Po meczu pełnym zwrotów akcji i wielkich emocji Anwil Włocławek pokonał Enea Astorię Bydgoszcz 106:103 w meczu 4. kolejki rundy zasadniczej Polskiej Ligi Koszykówki.
W meczu koszykarskiej ekstraklasy Enea Astorii Bydgoszcz z Anwilem Włocławek było wszystko to, czego kibice mogli spodziewać się w konfrontacji walecznego beniaminka z mistrzem Polski. Zabrakło jedynie oczekiwanej przez bydgoskich kibiców niespodzianki - wygranej gospodarzy.
Czarno-czerwoni mecz rozpoczęli z wielką wiarą i werwą. Po 3 minutach gry prowadzili 9:4 i wtedy gości do odrabiania strat poderwał reprezentant Polski Michał Sokołowski. Włocławianie przejęli inicjatywę i pierwsza kwarta zakończyła się ich wyraźnym prowadzeniem (20:29). Po zmianie stron rozgorzała zacięta walka.
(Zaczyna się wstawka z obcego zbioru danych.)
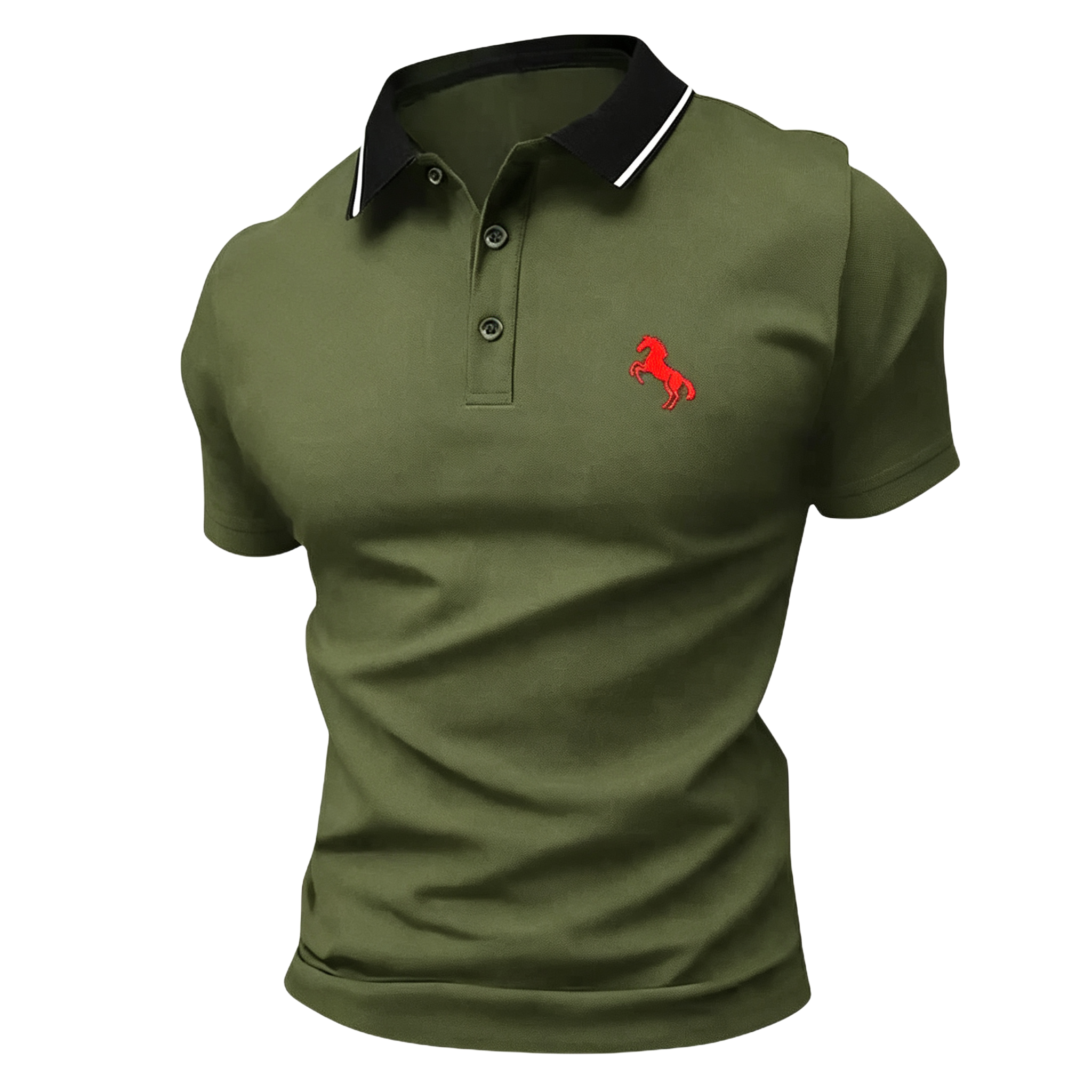 New summer men’s comfortable polo shirts, men’s polo set, classic turn-down collar button-up tops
Gra kosz za kosz przerwana została w ostatniej minucie przed przerwą. Naprzemienne akcje Szyttenholma i Clyburna przyniosły gospodarzom powodzenie i Astoria niemal zniwelowała stratę (48:50).
Po przerwie najpierw celne trójki Clyborna wlały nadzieję w serca kibiców Astorii, po których gospodarze obejmowali prowadzenie (53:52, 68:67), ale w końcówce Dowe i Wroten punktami kończyli kontry gości, którzy na 4 sekundy przed zmianą stron prowadzili 76:75. Nie minęły 3 sekundy i publiczność, za wyjątkiem strefy z kibicami Anwilu, poderwała się w okrzyku "jeeest!". To Mateusz Zębski zademonstrował akcję meczu. Po szybkim wznowieniu przebiegł kilka metrów i rzutem z wyskoku, z ponad połowy boiska, wpakował piłkę do kosza i Astoria przed ostatnią kwartą prowadziła 78:76.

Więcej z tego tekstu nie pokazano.